Work order: Set every entry down again exactly, excluding any pictures.

Crawled caption data:
========
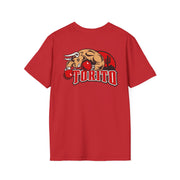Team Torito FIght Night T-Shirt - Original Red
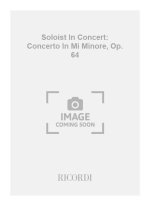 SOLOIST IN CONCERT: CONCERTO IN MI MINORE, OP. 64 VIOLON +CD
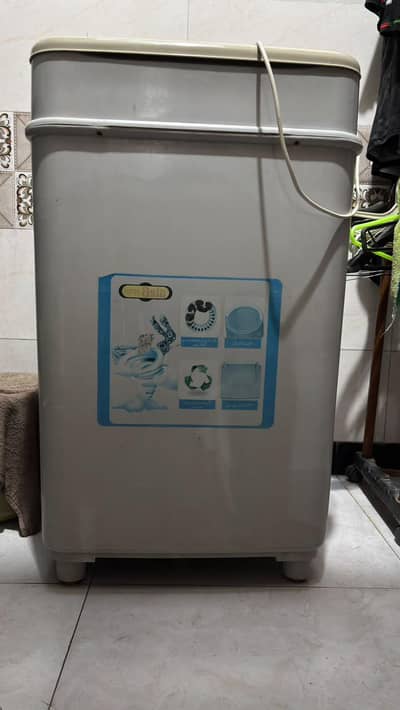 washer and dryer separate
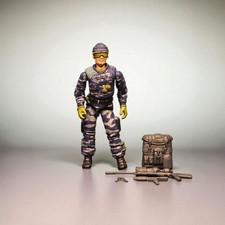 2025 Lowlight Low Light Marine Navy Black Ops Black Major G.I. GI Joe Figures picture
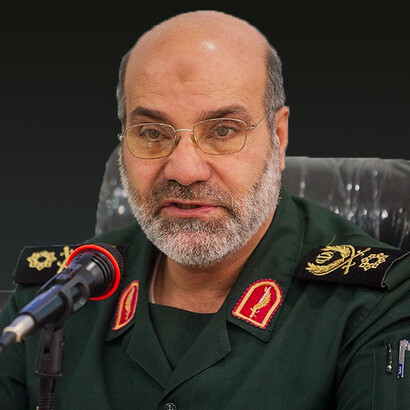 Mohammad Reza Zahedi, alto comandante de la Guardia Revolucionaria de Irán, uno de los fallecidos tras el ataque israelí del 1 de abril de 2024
========
Problem solution:
Team Torito FIght Night T-Shirt - Original Red
 SOLOIST IN CONCERT: CONCERTO IN MI MINORE, OP. 64 VIOLON +CD
 washer and dryer separate
 2025 Lowlight Low Light Marine Navy Black Ops Black Major G.I. GI Joe Figures picture
 Mohammad Reza Zahedi, alto comandante de la Guardia Revolucionaria de Irán, uno de los fallecidos tras el ataque israelí del 1 de abril de 2024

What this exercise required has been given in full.